Minnie also seemed pleased with her name and appeared to carry her sizable frame with a sense of pride. She had a pleasant demeanor with a continually cheerful countenance. Some might have said she had a "pretty face" though it was decidedly a very round face tinged with a rosy hue in cheeks that looked as though they could have been storing food for later in the day.
Perhaps it was Minnie's obesity that attracted the small cadre of homely girls who gathered around her. They might have been long time friends from grade school or maybe the neighborhood where they lived. Rumor had it that they all came from the Five Points area at the bottom of the hill where the school was located. I knew where the intersection known as Five Points was, but I was always somewhat unclear as to what exactly comprised the Five Points neighborhood. To my understanding Five Points was one of the "bad neighborhoods" like Parham Hill or Home Avenue. Those were the places were the lower class folks lived--the tougher rougher kids who were of low reputation and were undoubtedly headed for bad futures.
At least that's what some people said. I didn't know for sure where any of those girls came from or what kind of families they had. For that matter I didn't know anything about any of them including most of their names. And now after so many years the only names I remember are Minnie and Betty Rose.
Each morning as I bided my time with my group of acquaintances, I would see that group of female outcasts on the opposite side of the auditorium on the front row near the stage gathered as though plotting their revenge on the mean students. Or maybe they were just gossiping, commiserating, or dreaming about a better life away from the school society that had seemed to be rejecting them. On the whole they didn't appear to be too displeased about their lives or their situations. More than likely I was reading my own interpretations based on what I imagined about those girls.
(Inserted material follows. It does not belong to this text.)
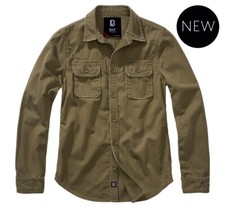 Brandit Chemise Femme Vintage à Manches Longues Sur Sizes Vert Olive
Sometimes, drawing the attention of everyone in the auditorium, Minnie would burst out into a fit of gleeful laughter evoking titters from the assemblage around her. I almost envied them because they seemed so happy. Happy about something. Or amused. Maybe they were laughing at the rest of us. None of us knew because none of us associated with those girls.
In fact, once the school day started I don't recall ever seeing Minnie for the remainder of the day. Sometimes I might see Betty Rose passing alone through the hallways, ignoring the mean comments from the boys she passed. She was like a silent specter disappearing into the crowds between classes. In the mornings she seemed to be a part of a group, but the rest of the day she appeared to be on her own without a friend anywhere.
Those girls were all in grades below me so that might have been one reason I never encountered any of them during the course of the school day. Then again, maybe they passed or were there in plain sight and I didn't see them. After all these were not the in-crowd girls or even the girls that any of us might want to get to know. I would have never said anything mean to any of them, but there were the students that didn't think twice about hurling insults or making what they thought were funny remarks to show off in front of the other students. For my part, Betty Rose, Minnie, and all of their circle of friends were the morning crew who for the rest of the day were people I tried not to think about.
After I graduated, at the end of the following year, my sister, who was in the grade below me--the same one as Betty Rose and Minnie--brought home the graduation edition of the school paper. The tradition for this edition was for the departing seniors to publish their "wills" to the incoming seniors of the year to come. Each graduating senior would will some funny item, give some words of advice, or have some bit of wisdom to offer to the those who would be the next crop of seniors.
As I perused those words of the graduating class members I came to what Betty Rose had to say. After so many years I cannot recall her exact words, but she said something to this effect:
"My wish is for all students to have consideration for each other and not to say hurtful things."
I'm pretty sure she worded it more eloquently, but whatever her words were, my heart stopped for a moment and tears came to my eyes.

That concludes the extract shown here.